| One of China's largest cinema
chain owners has agreed to sell a stake to the Warner
Bros division of AOL Time Warner, a move signalling wider
opening of the Chinese film market, which has been sluggish
in recent years.
Shanghai Paradise Film Distributing Co, which owns
Paradise Cinema, said last week it would sell a stake
of the 1,400-seat cinema to Warner Bros.
Wu Hehu, deputy manager of the company, confirmed the
report over the weekend but declined to give further
details concerning the deal.
The deal would expand the tiny foreign presence in
China's film industry, as China has promised in its
World Trade Organization (WTO) commitments, though Warner's
stake would be below a 49 per cent ceiling set by the
WTO agreement.
Two foreign companies - Eastman Kodak Co, based in
Rochester, New York, and Golden Harvest Entertainment
Cinema Co Ltd of Hong Kong - already own minority stakes
in two other Shanghai-based cinemas.
In the largest-ever investment in the industry, Eastman
Kodak, jointly with the Shanghai Film and TV Group Co,
invested US$4 million in a cinema which opened early
this year.
Golden Harvest Entertainment Cinema Co in 2000 co-invested
with the Shanghai Friendship South Business Co in another
cinema in the city.
The Warner Bros office in Beijing said all comments
regarding the stake sale would be fielded by its headquarters.

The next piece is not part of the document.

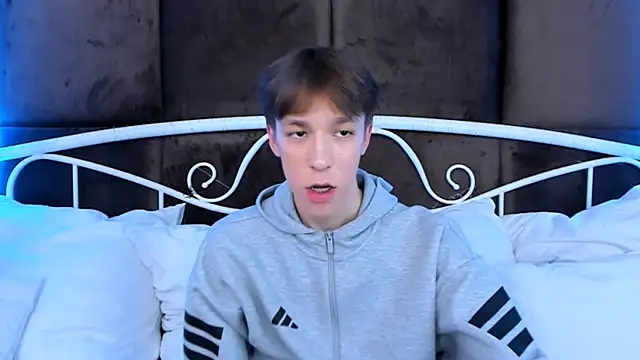 MarkBranston online show from November 9, 3:27 pm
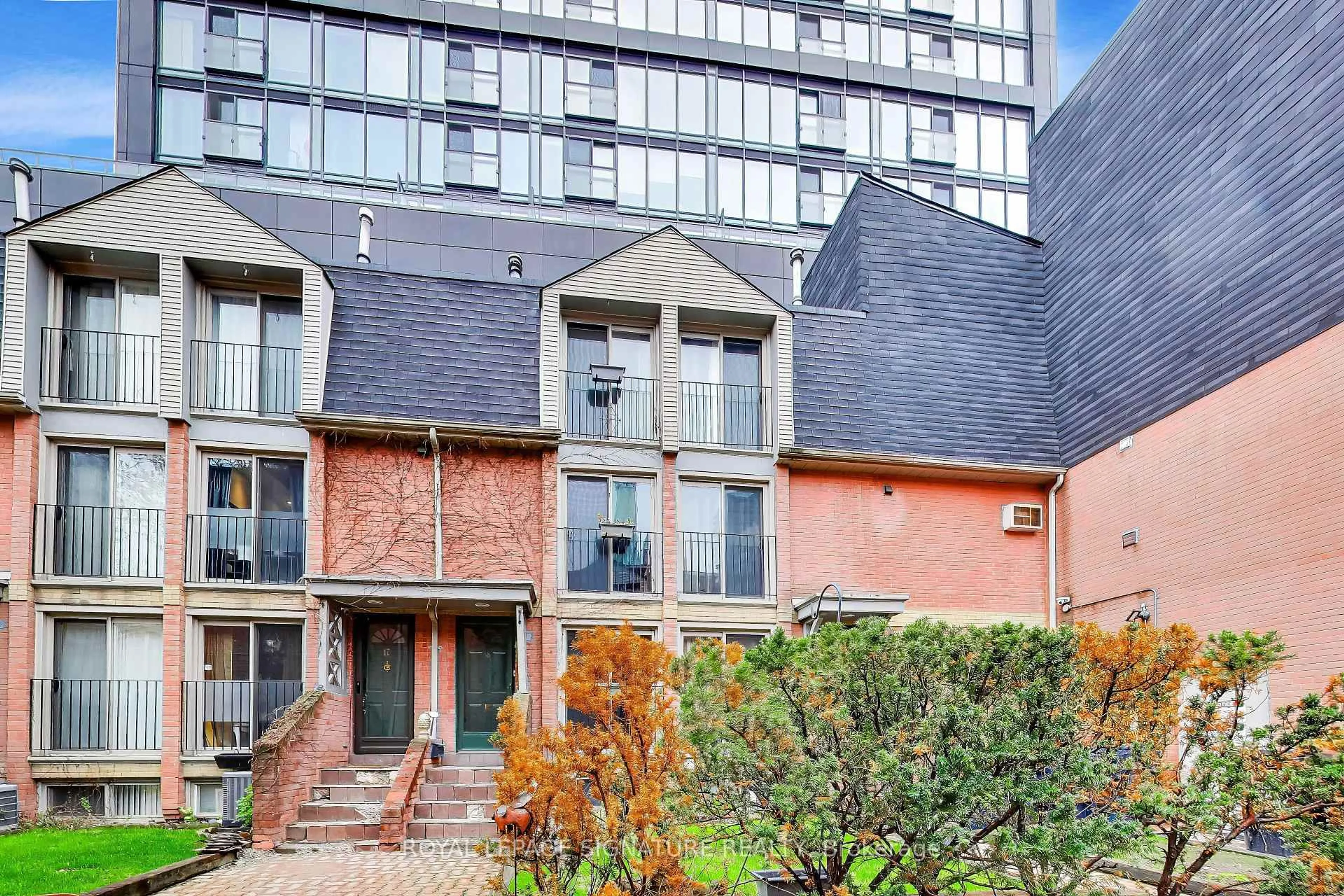Unknown for 325 Jarvis St #18, Toronto Ontario M5B 2C2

The introduction of foreign investment will help activate
the currently sluggish Chinese film market, said an
official of the film distribution and exhibition division
of the Film Bureau of the State Administration of Radio,
Film and Television.
The official predicted the introduction of new business
models and new ideas regarding management of film companies
will bring the industry to a new height.